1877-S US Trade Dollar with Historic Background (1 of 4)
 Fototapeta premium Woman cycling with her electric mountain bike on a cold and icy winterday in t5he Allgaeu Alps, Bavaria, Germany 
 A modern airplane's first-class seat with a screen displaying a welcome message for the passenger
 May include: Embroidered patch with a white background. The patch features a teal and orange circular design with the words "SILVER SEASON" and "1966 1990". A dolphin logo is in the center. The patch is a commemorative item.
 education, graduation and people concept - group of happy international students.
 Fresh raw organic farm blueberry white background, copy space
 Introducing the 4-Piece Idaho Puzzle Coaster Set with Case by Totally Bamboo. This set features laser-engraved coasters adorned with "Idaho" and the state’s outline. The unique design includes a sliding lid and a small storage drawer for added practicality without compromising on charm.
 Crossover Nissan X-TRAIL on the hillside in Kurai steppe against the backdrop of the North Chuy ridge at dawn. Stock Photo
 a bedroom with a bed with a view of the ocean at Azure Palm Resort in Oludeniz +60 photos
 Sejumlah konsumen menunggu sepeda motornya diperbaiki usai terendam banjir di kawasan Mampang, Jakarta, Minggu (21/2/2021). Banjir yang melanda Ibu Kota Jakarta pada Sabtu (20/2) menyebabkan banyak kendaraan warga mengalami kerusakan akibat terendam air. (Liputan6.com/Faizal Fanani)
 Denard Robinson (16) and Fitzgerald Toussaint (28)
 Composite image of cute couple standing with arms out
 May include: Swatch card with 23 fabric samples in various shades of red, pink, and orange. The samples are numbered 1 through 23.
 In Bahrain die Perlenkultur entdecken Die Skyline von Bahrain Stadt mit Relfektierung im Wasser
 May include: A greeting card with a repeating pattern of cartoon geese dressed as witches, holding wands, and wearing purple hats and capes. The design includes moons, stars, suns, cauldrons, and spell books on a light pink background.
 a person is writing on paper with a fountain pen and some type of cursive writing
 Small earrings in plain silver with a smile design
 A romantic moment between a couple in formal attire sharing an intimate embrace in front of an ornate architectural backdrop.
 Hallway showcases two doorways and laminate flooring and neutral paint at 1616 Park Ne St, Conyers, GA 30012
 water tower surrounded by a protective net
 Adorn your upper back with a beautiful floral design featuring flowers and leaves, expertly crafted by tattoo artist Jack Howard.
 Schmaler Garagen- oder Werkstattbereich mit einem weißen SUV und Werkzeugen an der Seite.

■ ■ ■ ■ ■ ■ ■

» WHAT YOU HAVE TO DO
Please copy out every entry exactly, with nothing omitted.

» RESPONSE AREA
1877-S US Trade Dollar with Historic Background (1 of 4)
 Fototapeta premium Woman cycling with her electric mountain bike on a cold and icy winterday in t5he Allgaeu Alps, Bavaria, Germany 
 A modern airplane's first-class seat with a screen displaying a welcome message for the passenger
 May include: Embroidered patch with a white background. The patch features a teal and orange circular design with the words "SILVER SEASON" and "1966 1990". A dolphin logo is in the center. The patch is a commemorative item.
 education, graduation and people concept - group of happy international students.
 Fresh raw organic farm blueberry white background, copy space
 Introducing the 4-Piece Idaho Puzzle Coaster Set with Case by Totally Bamboo. This set features laser-engraved coasters adorned with "Idaho" and the state’s outline. The unique design includes a sliding lid and a small storage drawer for added practicality without compromising on charm.
 Crossover Nissan X-TRAIL on the hillside in Kurai steppe against the backdrop of the North Chuy ridge at dawn. Stock Photo
 a bedroom with a bed with a view of the ocean at Azure Palm Resort in Oludeniz +60 photos
 Sejumlah konsumen menunggu sepeda motornya diperbaiki usai terendam banjir di kawasan Mampang, Jakarta, Minggu (21/2/2021). Banjir yang melanda Ibu Kota Jakarta pada Sabtu (20/2) menyebabkan banyak kendaraan warga mengalami kerusakan akibat terendam air. (Liputan6.com/Faizal Fanani)
 Denard Robinson (16) and Fitzgerald Toussaint (28)
 Composite image of cute couple standing with arms out
 May include: Swatch card with 23 fabric samples in various shades of red, pink, and orange. The samples are numbered 1 through 23.
 In Bahrain die Perlenkultur entdecken Die Skyline von Bahrain Stadt mit Relfektierung im Wasser
 May include: A greeting card with a repeating pattern of cartoon geese dressed as witches, holding wands, and wearing purple hats and capes. The design includes moons, stars, suns, cauldrons, and spell books on a light pink background.
 a person is writing on paper with a fountain pen and some type of cursive writing
 Small earrings in plain silver with a smile design
 A romantic moment between a couple in formal attire sharing an intimate embrace in front of an ornate architectural backdrop.
 Hallway showcases two doorways and laminate flooring and neutral paint at 1616 Park Ne St, Conyers, GA 30012
 water tower surrounded by a protective net
 Adorn your upper back with a beautiful floral design featuring flowers and leaves, expertly crafted by tattoo artist Jack Howard.
 Schmaler Garagen- oder Werkstattbereich mit einem weißen SUV und Werkzeugen an der Seite.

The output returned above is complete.